That’s one thing I find fascinating about Tumblr in particular. We can be looking at the same image, and have a completely different interpretation, and I’ll never know. It’s not like they reblog it and they say the opposite thing from I was thinking. They’ll reblog it thinking we are in agreement, and neither of us would ever think the other person…which is fascinating to me having been in a fandom where you never know if someone’s gonna wind up on a different side of an ideological divide, and you’re trying to read between the lines: “Is this someone I can’t…” You know what I mean?
FK: Isn’t that also especially because of visual language? One thing I’m thinking about is, I have a lot of friends who live in Oregon and who are pagan, and one of the big issues in Oregon if you are pagan is that you have maybe a tattoo that is something that is a Norse pagan thing. And now you’re playing the “Is this person a white supremacist or a super hyper liberal pagan hippie?” And there’s no way to tell from the outside! It also could be both.
ELM: Oh, Oregon, no, it probably is both. [laughter] Sorry.
FK: None of my friends are neo-Nazis! I will say this! None of my pagan friends in Oregon are neo-Nazis! But you know what I mean? They’re like “Oh my God!” And isn’t that part of it, the visual culture?
LM: Yeah, the visual aspect of it is 100%…oh, I don’t know. A lot. And I actually have two examples that kind of illustrate what you’re talking about. One I saw years ago, it was a fairly well-known fan artist in a number of different fandoms who had posted a very shippy picture, usual white guy ship, and it was a commission and they had said “Here’s the shameful commission.” Now what she was talking about, which became clear in the fullness of time, was that she had never really done a shippy picture before and she didn’t know if she was doing it right. That was the shame.
ELM: I remember that!
LM: That was the shame she was talking about. But you know, shameful in Anglo-American English language online fandom comes with its own sort of baggage that people just jumped on. And it wasn’t until the artist said that she wasn’t a native English speaker and that this was what she intended that that died off. But there for a hot second, everyone was coming down on this because of a cultural assumption on the one hand…well, just a cultural assumption that everybody who was participating in English language online fandom on Tumblr has a common understanding of what words like “shameful” mean in fandom when that was patently not the case.

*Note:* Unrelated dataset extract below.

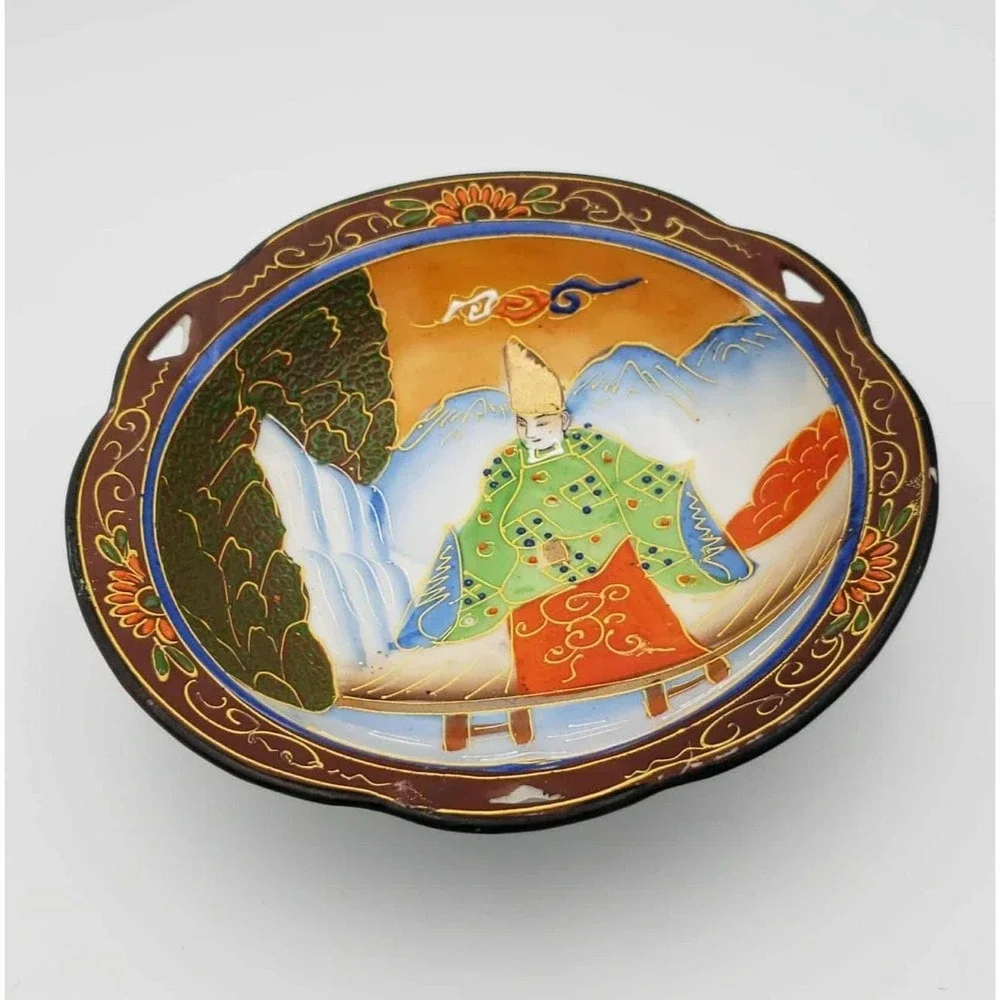 Japanese Satsuma Style Moriage Handled Bowl Figure 7.5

A more recent one happened a few weeks ago in a fandom I’m involved in now—guess [laughter]—which is also a very transnational fandom, where an artist from East Asia posted a drawing of one of the main characters in the fandom in a Nazi uniform. Now, she had written underneath “I don’t mean any, I’m just doing this artistically, I don’t mean anything political by it,” but she had A.) written that in her own language and B.) it doesn’t really matter, if you’re coming at it from in particular a European perspective where you’re like, “Oh no. We don’t do this.”
And eventually that, the artist took it down, took the post down from Twitter, but again, it was…it sounds like “Ooh these are really scary,” but in fact these kinds of clashes are endemic to fandom. That is what happens in fandom, it is a condition of fandom almost and especially now that we’re so much more in close contact both in terms of space, we’re all sharing these online spaces, and time, where if you…you know how it goes, if you post something inflammatory before bed and you go to bed, in the morning you’re overwhelmed by anger and all kinds of things. That’s how fast it happens.
ELM: Don’t post before you go to bed!
FK: [laughing] Sometimes you don’t know that’s going to be, and then you wake up and… [all talking over each other] It’s like your pizza box is your pillow, but everything is still on fire.
LM: The main reason I’m interested in this is because when I became a fan, and I harp on about this everywhere so if your listeners have heard this before I’m sorry, but when I became a fan I was 11 years old, I was living in Hong Kong, which was a British colony then, saw a lot of British TV, and I saw Star Wars, the original one, for the first time, 1977, which is how old I am.
At that time, watching an American movie in East Asia where there were very few, you know, I wanted magazines, right? I wanted to see pictures, I wanted to cut them out and put them in scrapbooks, which I did. But trying to get American magazines to do that was next to impossible, and they were outrageously overpriced when you did find them. But what they did have was a bunch of Japanese movie magazines, and I couldn’t read it, but the pictures were on the cover, and if you open it up…right? So I’m an American fan of an American movie in Hong Kong collecting Japanese magazines to read. And because it requires a material experience of being in one place and having access materially to these objects, I had the time to kind of learn about the different cultures that were sort of involved in that experience of being a fan there.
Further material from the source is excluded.